Transforming craft into an act of protest against indifference is something women have done for centuries.

November 16, 2020

Amandas Ong is a London-based journalist. Her work has appeared in Al Jazeera, Bloomberg, The Guardian, Slate and other publications.

Darcy Losada was trying to save up enough money to pay for her undergraduate degree in Design and Communication. Her favorite flower was the black rose, and she hoped, one day, to publish an anthology of poems she had been working on.

A young man called Omar Alejandro Dueñas Zamora began stopping by the ice cream shop where she worked to flirt with her. He would flatter the color of her eyes whenever he bought an ice cream. Eventually the two began dating. 

One evening when it was Darcy’s turn to close the shop, thirteen thousand pesos went missing from the cash register. Being the only other person present at the time, Omar was a suspect. The shop owner delivered Darcy an ultimatum: she had to break up with her boyfriend and compensate him for the loss, or he would report both of them to the authorities. Darcy consented. Omar began sending her threatening, descriptive messages about how he intended to kill her.

On March 24, 2013, Darcy’s mother, María Isobel, received a call from her daughter’s phone at 9:15 p.m. Amidst a cacophony of shouts, punches, and blows, María Isobel could hear Darcy sobbing. Then the line went dead. 

María Isobel had a gut feeling that the worst had happened. She left the house and begged the authorities for help, but was not taken seriously. Her first stop was Mexico City’s investigation unit that specialized in kidnappings, but they dismissed her peremptorily since no ransom demand for Darcy had been received. After being asked to go to another department of the attorney general’s office, which also couldn’t assist her, María Isobel finally managed to get a missing person’s report filed at the Centro de Apoyo de Personales Extraviadas y Ausentes (Support Center for Missing and Absent Persons). They were reluctant to do so immediately, suggesting that she should wait a day in case Darcy showed up.

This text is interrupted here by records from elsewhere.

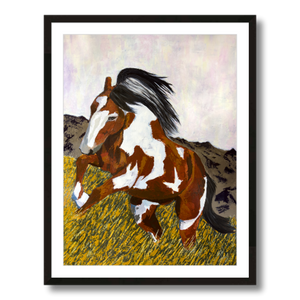 horse art print framed 16x20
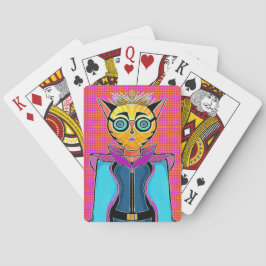 Feline character design pokerkaarten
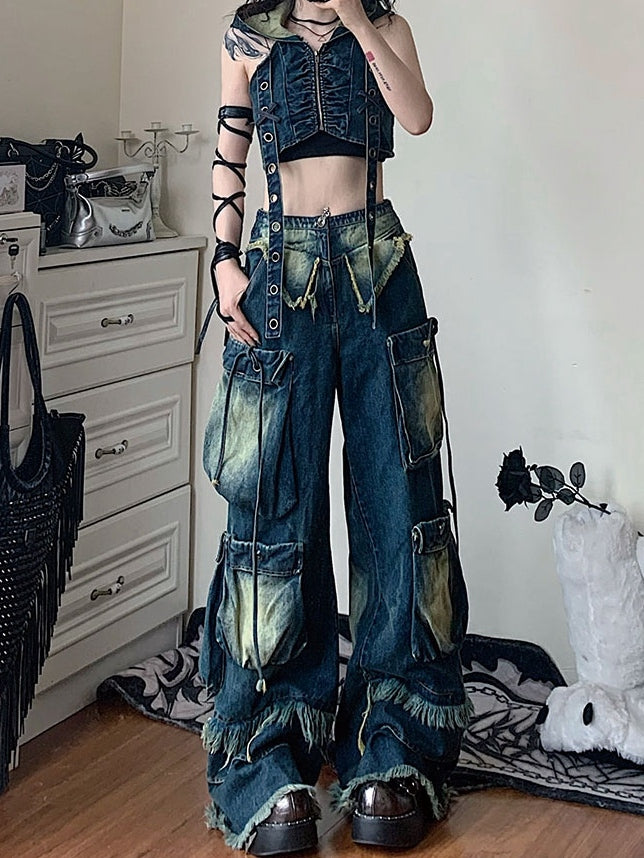 Dune Inspired  Punk Straps Design Hooded Denim Top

At 7 a.m. the next day a female body was found in the San Simón Ticumac area. The victim showed signs of asphyxiation and was covered in bruises. Later on, María Isobel would tell the press that, when the police called to notify her that a body had been recovered but it was unlikely to be her daughter because it was a “woman aged between 30 and 40 years old,” she felt a small breeze in her hair. “Darcy always used to ruffle my fringe,” she said. “Mothers have a special intuition. I knew it was her.” She was right.

Phone records confirmed that Omar had been in San Simón Ticumac at the time of Darcy’s murder. These were backed by video surveillance footage that showed him coercing her into a van, where she had presumably been murdered before being tossed back onto the street. At Darcy’s burial, someone left a black rose on top of her grave. She would never get to fulfill her dream of going to university.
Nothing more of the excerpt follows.